Prominent Russian opposition figure Vladimir Kara-Murza, who was jailed six months ago for denouncing Vladimir Putin’s war in Ukraine, has been charged with high treason, his lawyer said Thursday.
Kara-Murza, a dissident politician who’s suffered two suspected poisoning attacks, was detained near his house in April and quickly sentenced to 15 days in jail for disobeying a police order. He was arrested just a few hours after CNN aired an interview with him in which he called Putin’s government a “murderous regime” and suggested the war in Ukraine would lead to the Russian strongman leader’s downfall.

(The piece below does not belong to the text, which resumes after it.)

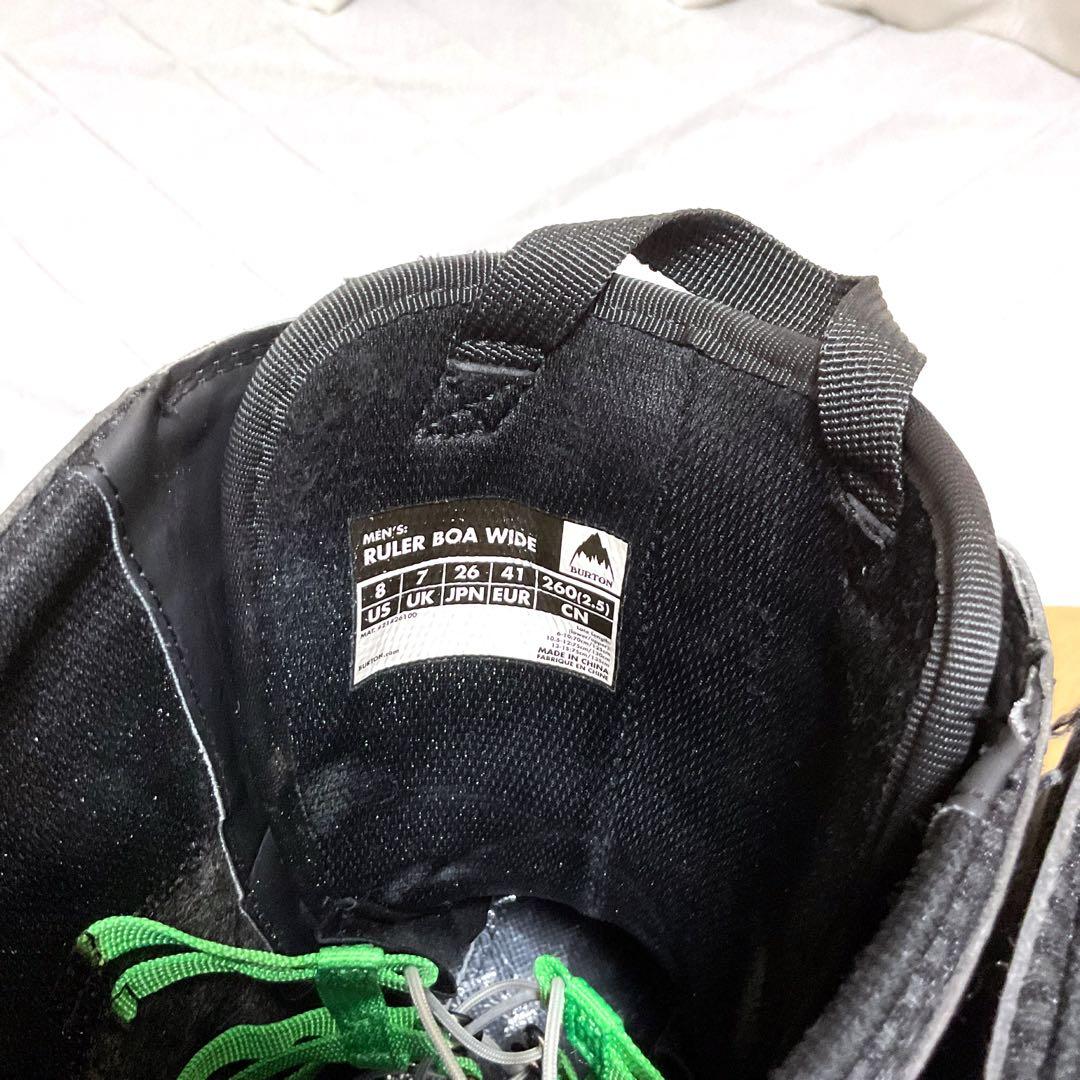 【かめまる】Burton RULER BOA ワイド ブラック 26cm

On Thursday, his lawyer Vadym Prokhorov told Russia’s state-run TASS news agency that Kara-Murza was charged with high treason “after speaking out critically against the Russian authorities three times, at public events in Lisbon, Helsinki and Washington. These speeches did not pose any threat (to Russia), it was public, open criticism.”
Prokhorov ridiculed his client’s arrest in April, citing police statements claiming Kara-Murza had “behaved inadequately at the sight of police officers, changed the trajectory of his movement, accelerated his pace, and tried to hide when asked to stop.”
Prokhorov rejected the claims, saying police officers “were already waiting in the yard of the house in a police bus brought there in advance and [Kara-Murza] was immediately detained after getting out of the car.”
Kara-Murza has been a vocal opponent of the war in Ukraine and launched an anti-war committee along with other opposition figures.
“I have absolutely no doubt that the Putin regime will end over this war in Ukraine,” he told CNN in April, adding that it “doesn’t mean it’s gonna happen tomorrow. The two main questions are time and price. And by price, I do not mean monetary — I mean the price of human blood and human lives, and it has already been horrendous, but the Putin regime will end over this and there will be a democratic Russia after Putin.”
A long-time critic of Putin, Kara-Murza fell deathly ill on two separate occasions in Moscow — in 2015 and 2017 — with symptoms consistent with poisoning. The activist himself called the incidents deliberate attacks by the Kremlin in retaliation for his lobbying efforts to get the U.S. and Europe to impose sanctions against Russian officials.
He suffered kidney failure after the first incident and barely survived. Samples smuggled out of Russia by Kara-Murza’s family were given to the FBI, which investigated the case as “intentional poisoning.”
“Twice in the last seven years, Russian authorities have tried to kill [Kara-Murza] for seeking personal sanctions against thieves and murderers, and now they want to throw him in jail for calling their vile and bloody war a war. I demand his immediate release!” Kara-Murza’s wife, Yevgeniya, said in an April tweet.
One of the dissident’s close friends, prominent politician and opposition leader Boris Nemtsov was shot and killed in 2015 near the Kremlin.
Despite the apparent poisonings and his arrest in the spring, Kara-Murza has surprised many supporters by continuing to return to Moscow, and continuing to speak out.
“Look, I am a Russian politician, I have to be in Russia, it is my home country,” he told CNN. “The biggest gift we could give to the Kremlin is to give up and run.”